### Data in this exercise
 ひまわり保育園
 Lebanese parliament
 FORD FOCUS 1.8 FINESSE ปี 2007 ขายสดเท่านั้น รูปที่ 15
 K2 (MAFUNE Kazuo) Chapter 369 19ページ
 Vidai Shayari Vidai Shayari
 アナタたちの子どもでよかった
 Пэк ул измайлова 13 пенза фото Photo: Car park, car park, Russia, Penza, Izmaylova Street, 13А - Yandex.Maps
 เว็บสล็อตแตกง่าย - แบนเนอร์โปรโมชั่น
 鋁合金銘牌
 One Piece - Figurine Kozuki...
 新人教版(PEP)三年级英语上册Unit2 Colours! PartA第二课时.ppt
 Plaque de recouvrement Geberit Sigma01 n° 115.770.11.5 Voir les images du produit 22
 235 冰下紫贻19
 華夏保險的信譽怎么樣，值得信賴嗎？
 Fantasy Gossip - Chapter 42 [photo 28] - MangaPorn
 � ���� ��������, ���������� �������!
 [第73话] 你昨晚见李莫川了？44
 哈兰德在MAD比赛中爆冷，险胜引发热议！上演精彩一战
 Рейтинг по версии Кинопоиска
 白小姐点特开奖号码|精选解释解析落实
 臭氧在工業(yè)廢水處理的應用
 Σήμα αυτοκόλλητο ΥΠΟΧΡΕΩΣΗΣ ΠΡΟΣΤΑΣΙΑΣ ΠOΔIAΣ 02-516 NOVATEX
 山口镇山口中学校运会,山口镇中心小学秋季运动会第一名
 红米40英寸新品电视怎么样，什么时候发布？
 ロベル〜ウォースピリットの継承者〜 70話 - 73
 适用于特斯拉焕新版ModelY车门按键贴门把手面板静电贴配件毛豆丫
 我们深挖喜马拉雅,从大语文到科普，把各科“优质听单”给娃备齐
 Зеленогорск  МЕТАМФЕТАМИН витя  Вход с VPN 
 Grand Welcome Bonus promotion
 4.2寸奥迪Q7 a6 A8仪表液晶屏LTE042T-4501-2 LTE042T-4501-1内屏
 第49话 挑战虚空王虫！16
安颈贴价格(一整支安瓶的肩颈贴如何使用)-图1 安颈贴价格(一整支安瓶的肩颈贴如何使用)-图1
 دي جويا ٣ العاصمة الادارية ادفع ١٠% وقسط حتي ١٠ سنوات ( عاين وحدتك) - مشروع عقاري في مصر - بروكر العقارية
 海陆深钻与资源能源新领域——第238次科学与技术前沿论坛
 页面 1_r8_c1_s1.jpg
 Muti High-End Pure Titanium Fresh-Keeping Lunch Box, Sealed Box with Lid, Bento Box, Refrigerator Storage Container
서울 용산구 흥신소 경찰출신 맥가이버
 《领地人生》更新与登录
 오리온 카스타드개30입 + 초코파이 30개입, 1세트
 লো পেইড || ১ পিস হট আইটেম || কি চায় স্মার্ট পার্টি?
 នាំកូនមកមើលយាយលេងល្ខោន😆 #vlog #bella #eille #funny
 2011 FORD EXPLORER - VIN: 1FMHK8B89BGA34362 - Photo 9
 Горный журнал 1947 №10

### Problem description
Which lines in the listing hold the word "Chapter"? Copy them out.

### Final answer
 K2 (MAFUNE Kazuo) Chapter 369 19ページ
 Fantasy Gossip - Chapter 42 [photo 28] - MangaPorn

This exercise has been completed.